# ASSIGNED TASK:
Exactly and only the lines from the line holding "Furnished Amenities in" to the end of the records should be reproduced. Leave pictures out.

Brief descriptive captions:
□ □ □ □

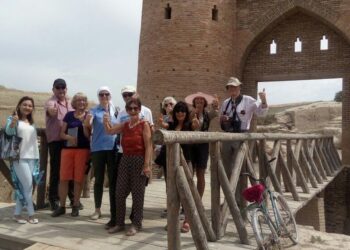 ТҮРКІСТАН: ТУРИЗМ ӨҢІРДІҢ ІШКІ-СЫРТҚЫ ЭКОНОМИКАСЫН ДАМЫТУДА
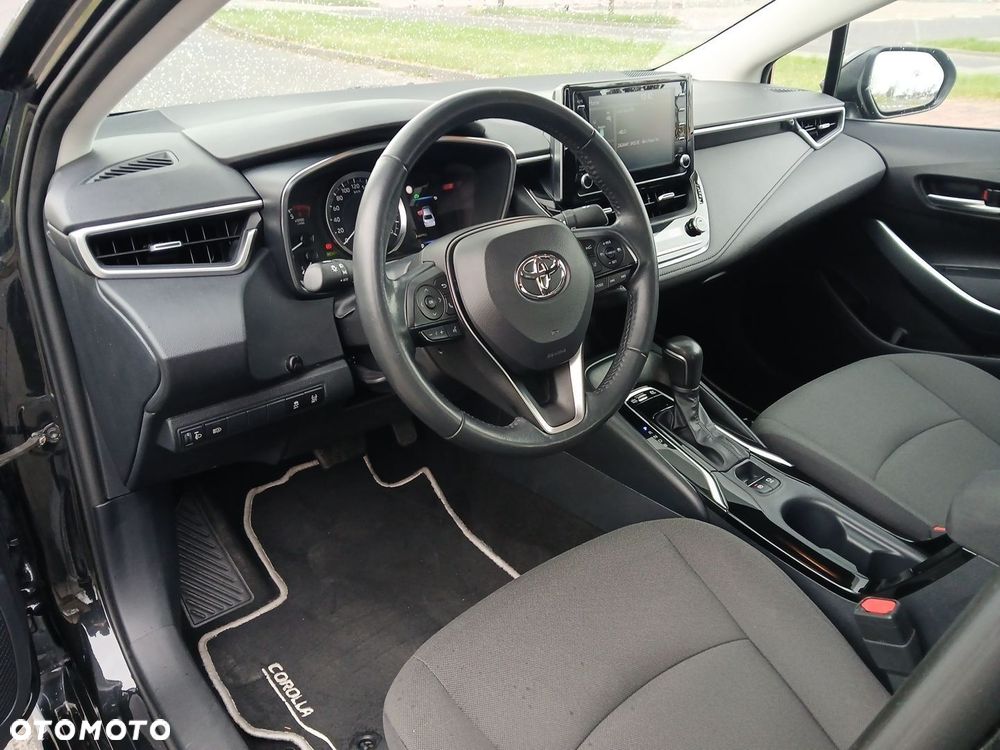 Toyota Corolla 1.8 Hybrid Comfort - 17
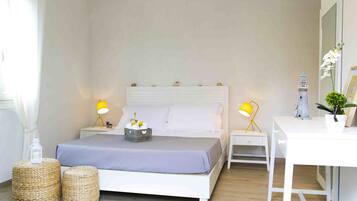 Minibar, muebles diferentes, escritorio y sistema de insonorización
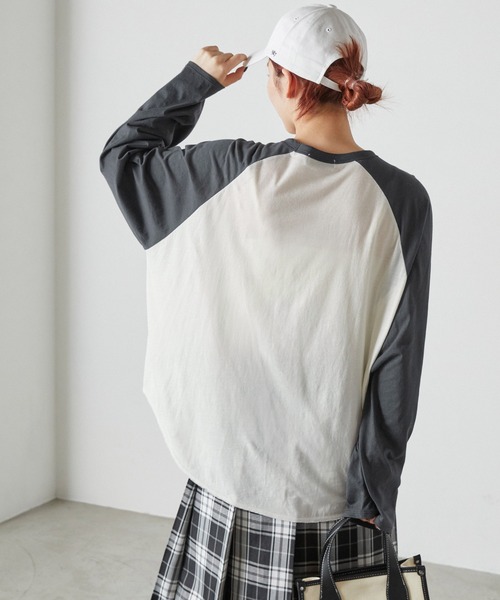 forksy.（フォルクシー）の「【forksy.】シアーカットラグランロンT（Tシャツ/カットソー・レディース・ライトグレー/ライトベージュ/アイボリー・FREE）」の7枚目の写真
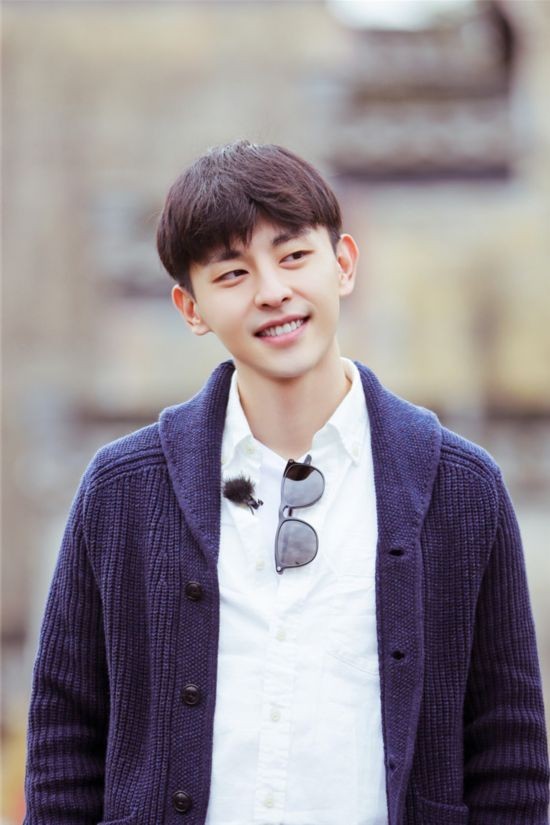 与杨紫合作过的男星,邓伦最帅李现最有魅力,他最气宇轩昂!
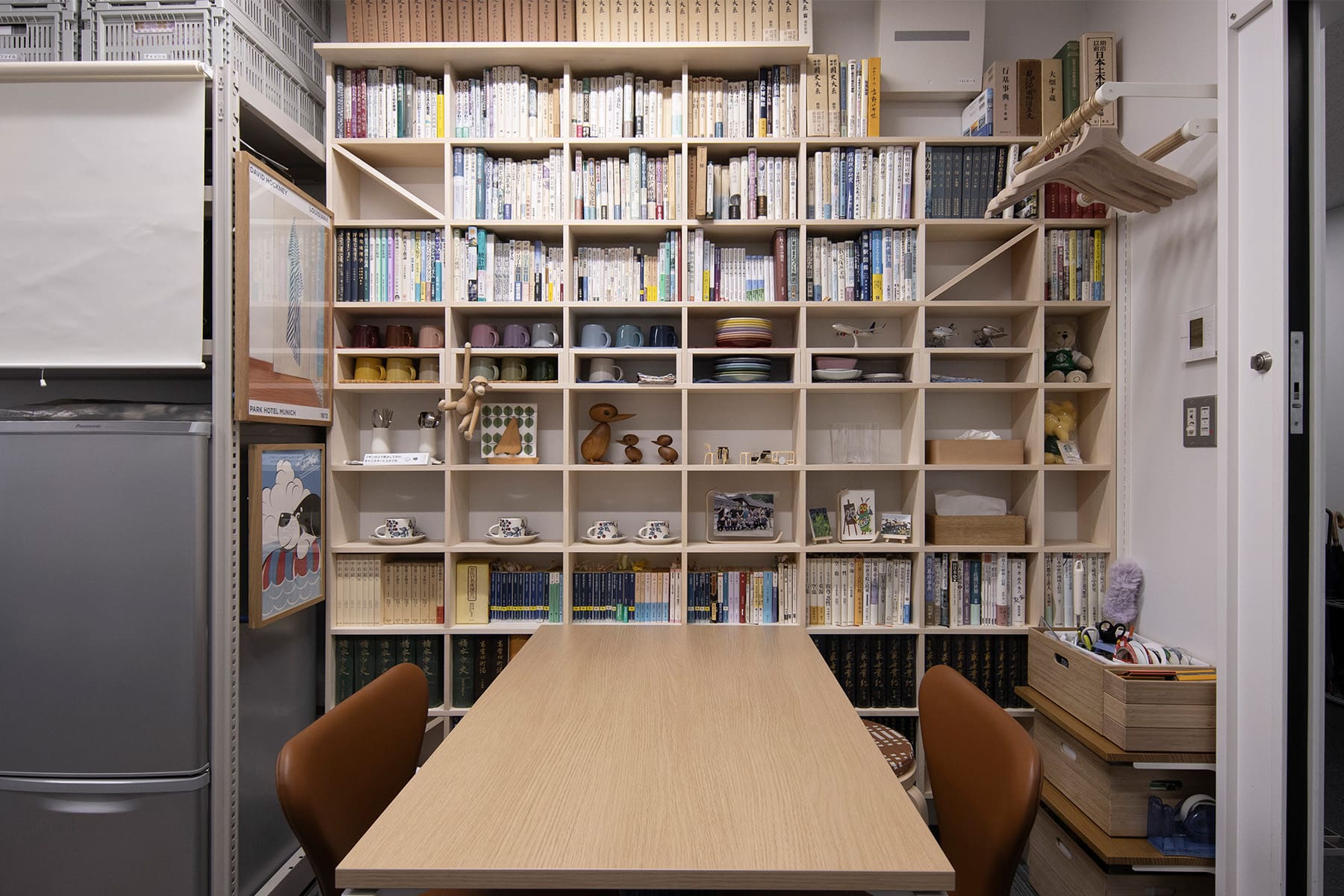 日本大学理工学部まちづくり工学科の研究室 - Shelf 壁一面のA5判本棚 奥行180mm - マルゲリータお客様事例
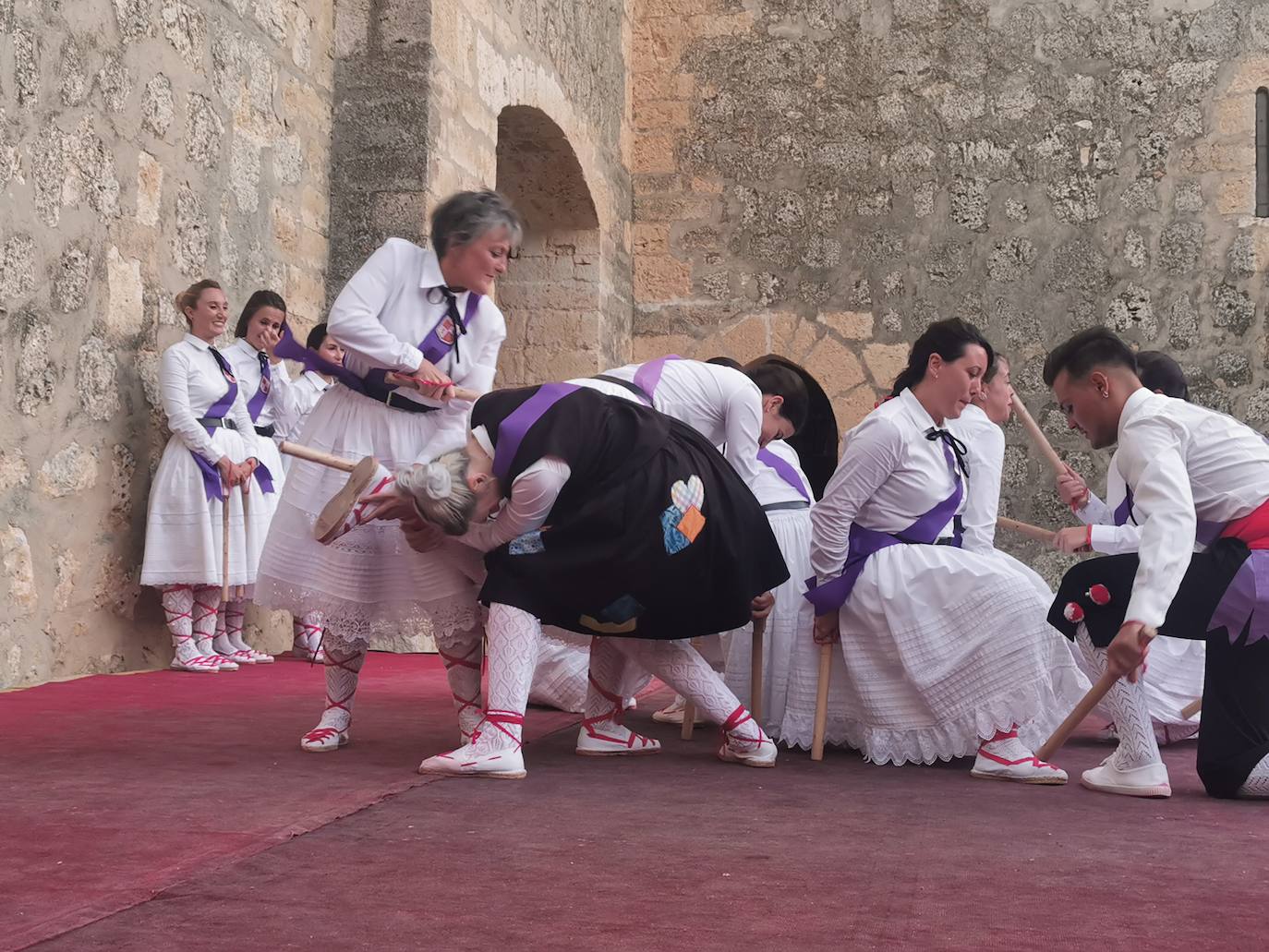 Torrelobatón celebra su XV Certamen de Paloteo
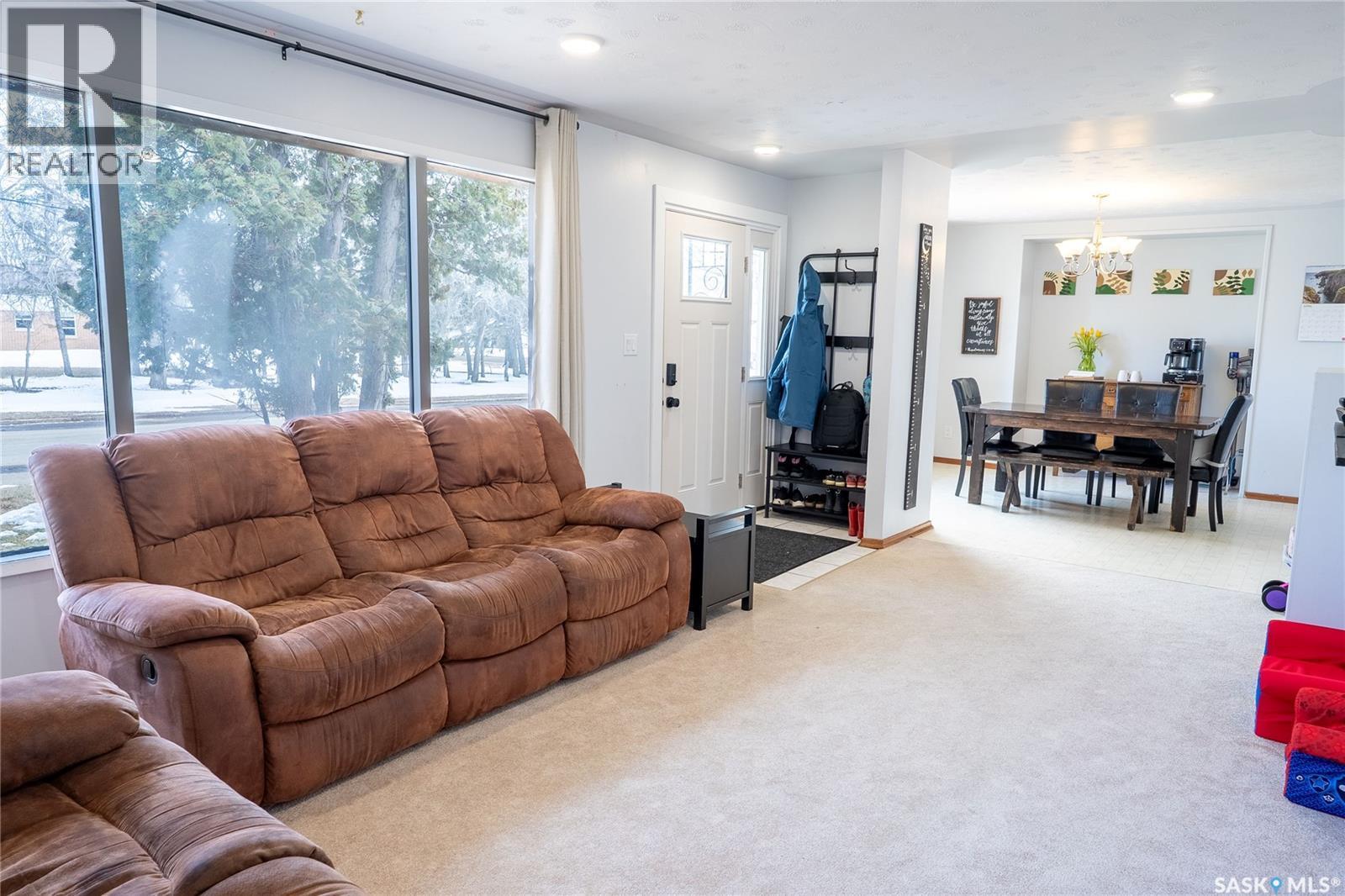104 2Nd Avenue, Rosthern, SK - Indoor Photo Showing Living Room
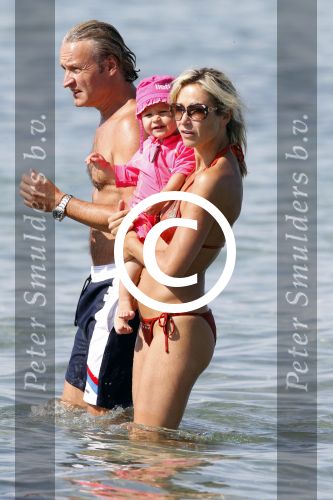 Ibiza 26 juli 2011
Wendy v Dijk met Erland Galjaard en Sem en Lizzy op het strand. Ook Martijn Amanda Bickel Jasmijn Achilles en Michelle Krabbe zijn aanwezig bij coco beach.
Peter Smulders bv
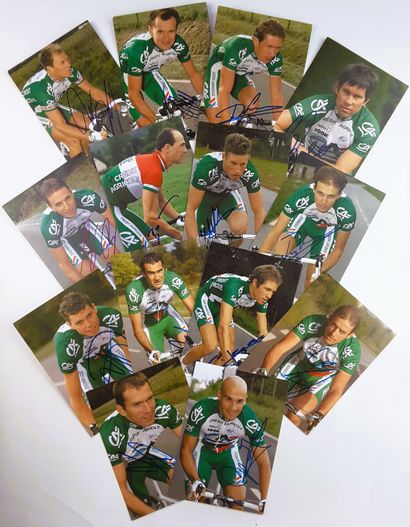 null FRANCE - Team CREDIT AGRICOLE 2007 - Set of 26 autographs on illustrated cards...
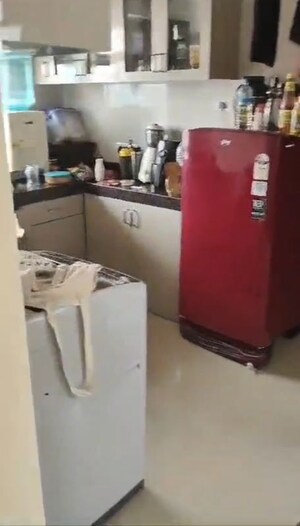 Furnished Amenities in 2 BHK Apartment at Ramniwas Apartment, Juhu – for Rent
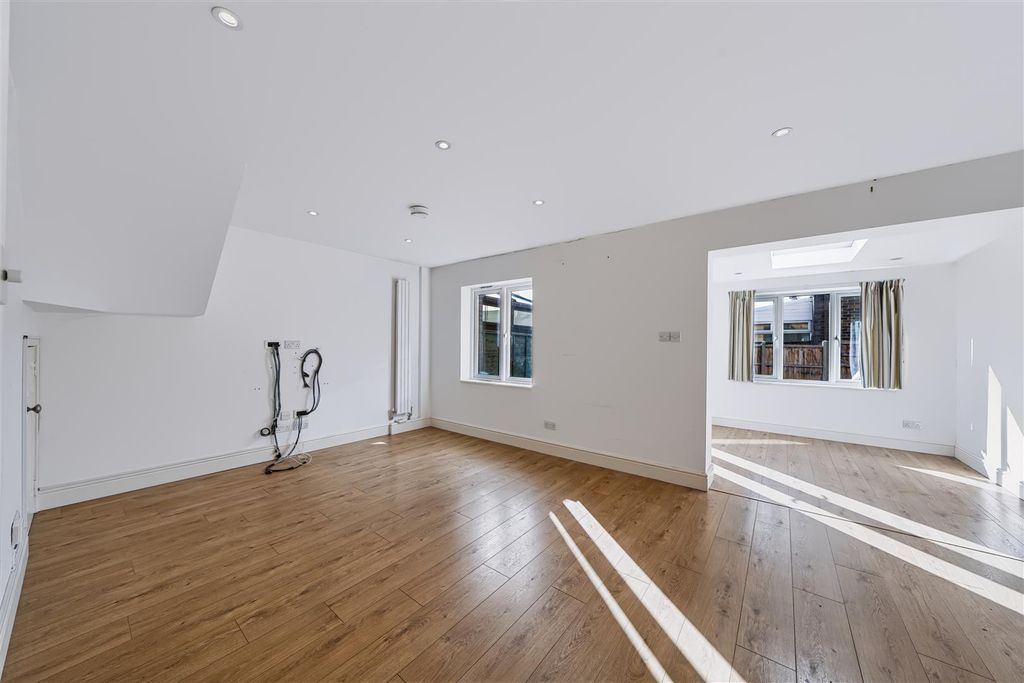 Property photo 3 of 44 Fishermans Drive - Current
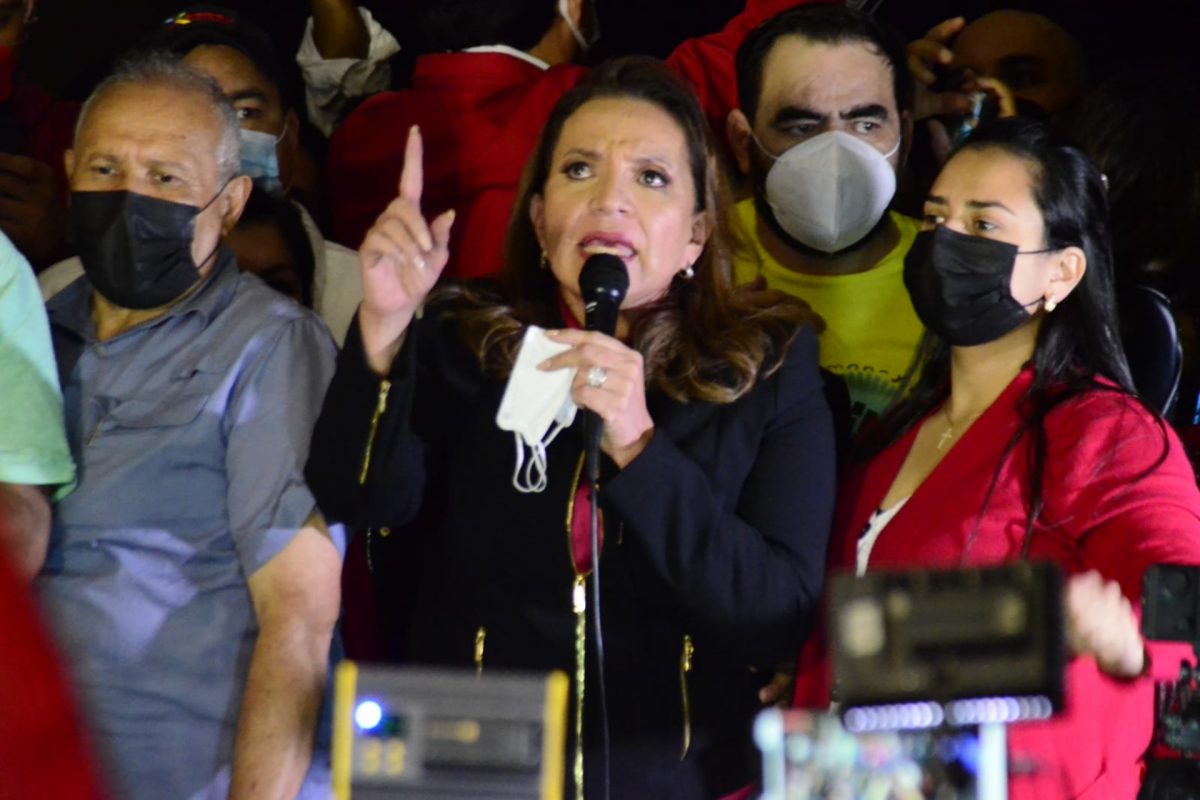 Xiomara Castro: no pueden engañarnos con cantos de sirena, se vendieron como Judas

□ □ □ □

# EXPECTED ANSWER:
 Furnished Amenities in 2 BHK Apartment at Ramniwas Apartment, Juhu – for Rent
 Property photo 3 of 44 Fishermans Drive - Current
 Xiomara Castro: no pueden engañarnos con cantos de sirena, se vendieron como Judas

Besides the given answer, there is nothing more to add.